Além de dar orientações sobre a vela para a nova geração, Lars também realizou uma palestra sobre suas conquistas no esporte e a superação que precisou enfrentar. Em setembro de 1998, Grael sofreu um grave acidente em Vitória, no Espírito Santo, quando uma lancha invadiu a área de competição e atingiu seu barco, resultando na amputação de sua perna direita pela hélice.
“A vela estar em João Pessoa dividindo o espaço com o vôlei de praia, beach soccer e várias outras modalidades, acho que é bom. Isso torna a vela mais acessível. João Pessoa tem toda essa vocação, é um lugar maravilhoso para velejar. Acompanhei à distância o Paraíba World Beach Games e vi que, neste ano, com a inclusão da vela, foi muito bom. Compartilhei um pouco da minha história de vida, da luta, das derrotas e do aprendizado com elas. O acidente e a resiliência para voltar a velejar e competir são fundamentais. Mostrei a trajetória de um atleta que, na vela, não é muito diferente. É um esporte pouco difundido, mas que deu ao Brasil um grande número de medalhas olímpicas, sendo o maior vencedor”, comentou Lars Grael.
Um dos participantes da clínica com Lars Grael foi Bernardo Crispim, de nove anos.

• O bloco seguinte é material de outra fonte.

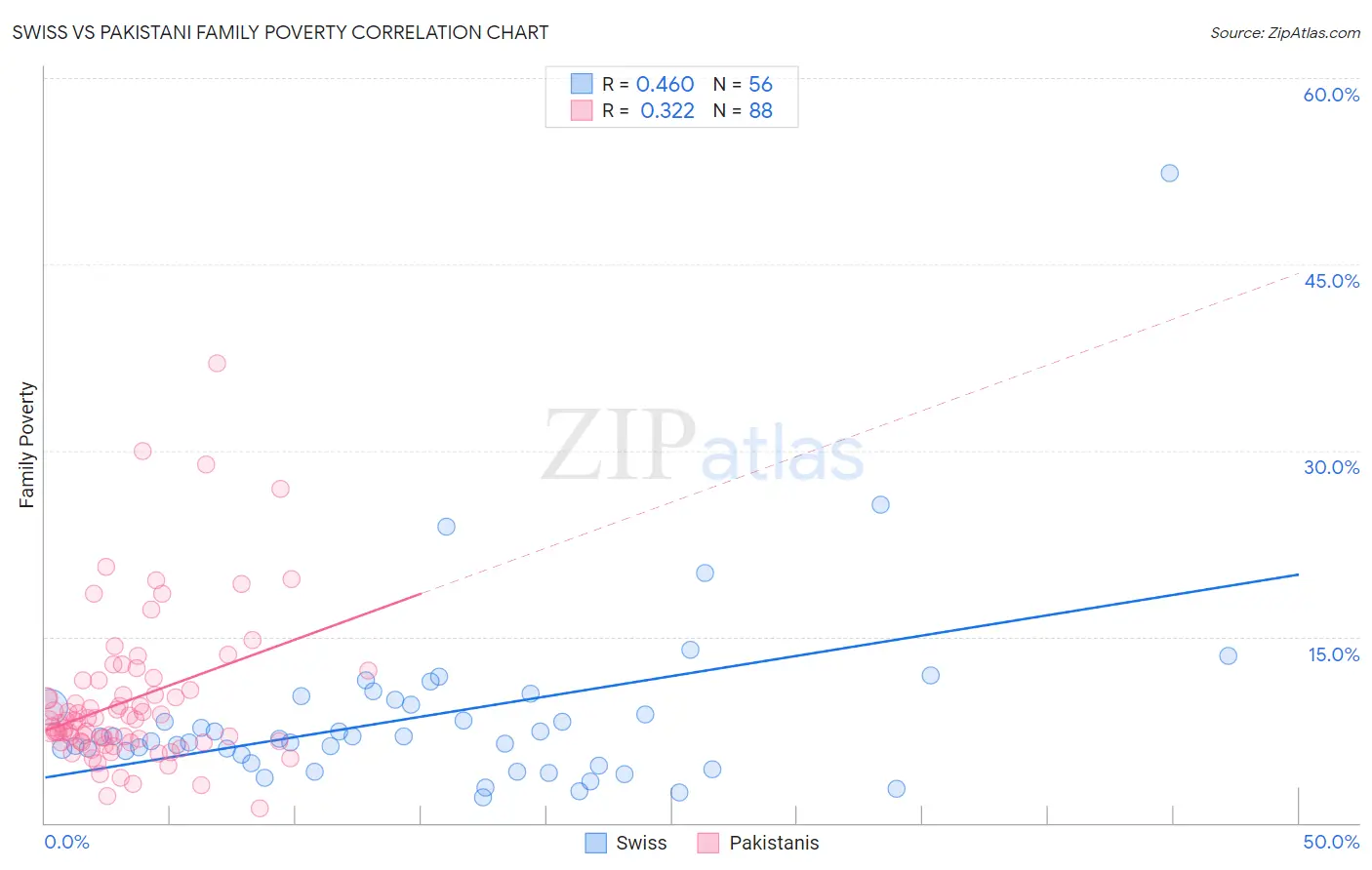 Swiss vs Pakistani Family Poverty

O garoto dá os primeiros passos na vela, na classe optimist. Apesar da pouca idade, ele se entusiasmou com o que ouviu e aprendeu com a lenda da modalidade. “Foi muito legal. Muito importante esse momento, já que velejar é o meu esporte favorito. Me chamou a atenção ele ter falado que, na primeira regata da vida, ele perdeu, mas na segunda foi medalhista. Comecei a velejar por causa da minha mãe e por causa de Lars”, finalizou Bernardo Crispim.